A faithful copy of the data is what is wanted, minus any pictures.

[Saved entries]
------------------------
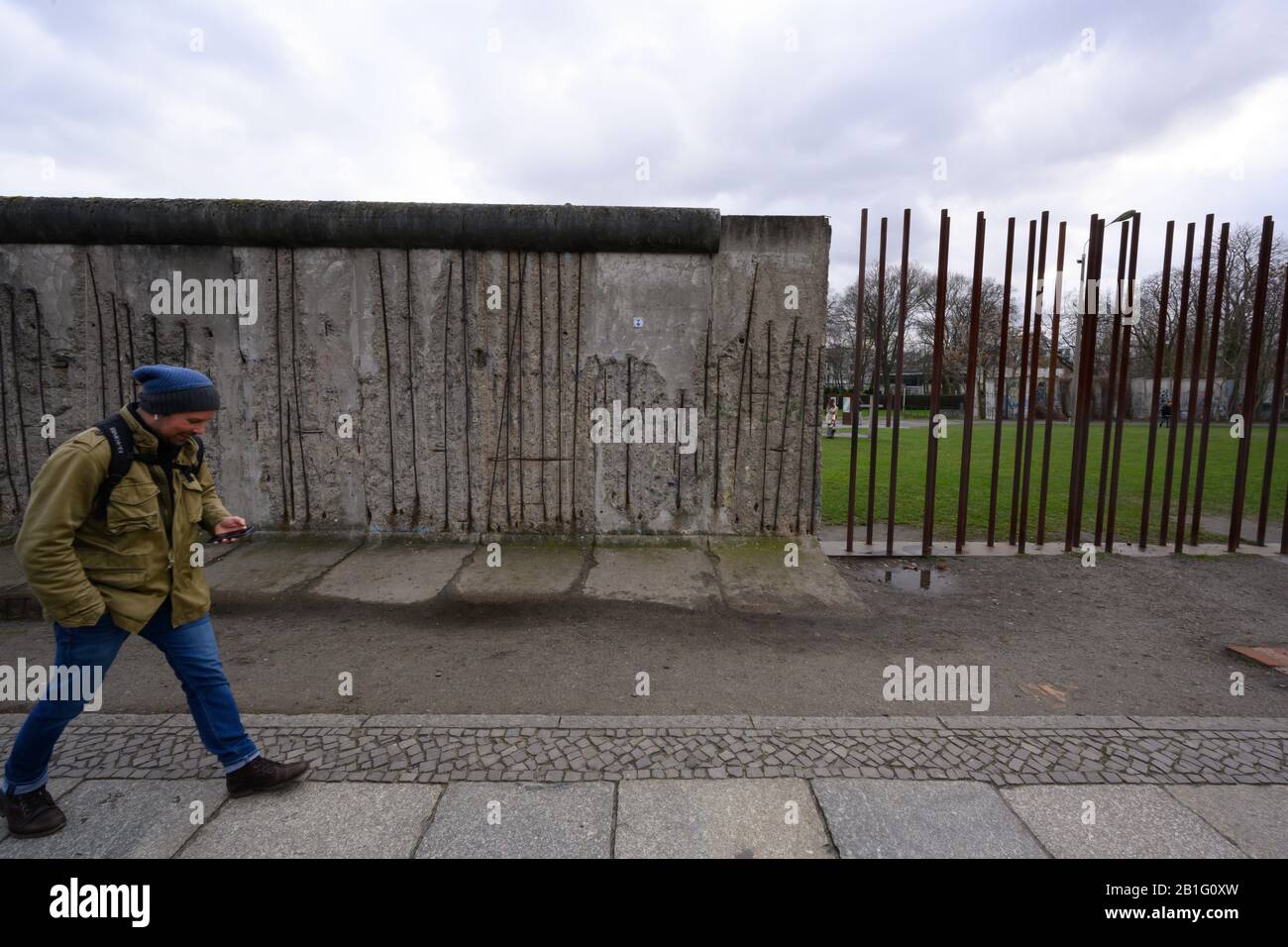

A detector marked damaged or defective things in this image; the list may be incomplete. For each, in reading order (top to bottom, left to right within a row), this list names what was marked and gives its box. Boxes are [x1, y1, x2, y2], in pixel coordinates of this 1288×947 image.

rusty metal pole [844, 211, 864, 551]
rusty metal pole [864, 214, 884, 539]
rusty metal pole [876, 209, 908, 555]
rusty metal pole [919, 209, 947, 555]
rusty metal pole [951, 213, 983, 555]
rusty metal pole [983, 216, 1015, 547]
rusty metal pole [1015, 220, 1030, 547]
rusty metal pole [1030, 223, 1062, 547]
rusty metal pole [1094, 221, 1126, 543]
rusty metal pole [1102, 213, 1133, 555]
rusty metal pole [1133, 221, 1173, 547]
rusty metal pole [1157, 224, 1197, 547]
rusty metal pole [1165, 215, 1213, 555]
rusty metal pole [1181, 219, 1221, 543]
rusty metal pole [1229, 216, 1268, 551]
rusty metal pole [1252, 269, 1284, 543]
------------------------
RESPONSE AREA:
A detector marked damaged or defective things in this image; the list may be incomplete. For each, in reading order (top to bottom, left to right within a row), this list names what was marked and gives its box. Boxes are [x1, y1, x2, y2], in pixel coordinates of this 1288×947 image.

rusty metal pole [844, 211, 864, 551]
rusty metal pole [864, 214, 884, 539]
rusty metal pole [876, 209, 908, 555]
rusty metal pole [919, 209, 947, 555]
rusty metal pole [951, 213, 983, 555]
rusty metal pole [983, 216, 1015, 547]
rusty metal pole [1015, 220, 1030, 547]
rusty metal pole [1030, 223, 1062, 547]
rusty metal pole [1094, 221, 1126, 543]
rusty metal pole [1102, 213, 1133, 555]
rusty metal pole [1133, 221, 1173, 547]
rusty metal pole [1157, 224, 1197, 547]
rusty metal pole [1165, 215, 1213, 555]
rusty metal pole [1181, 219, 1221, 543]
rusty metal pole [1229, 216, 1268, 551]
rusty metal pole [1252, 269, 1284, 543]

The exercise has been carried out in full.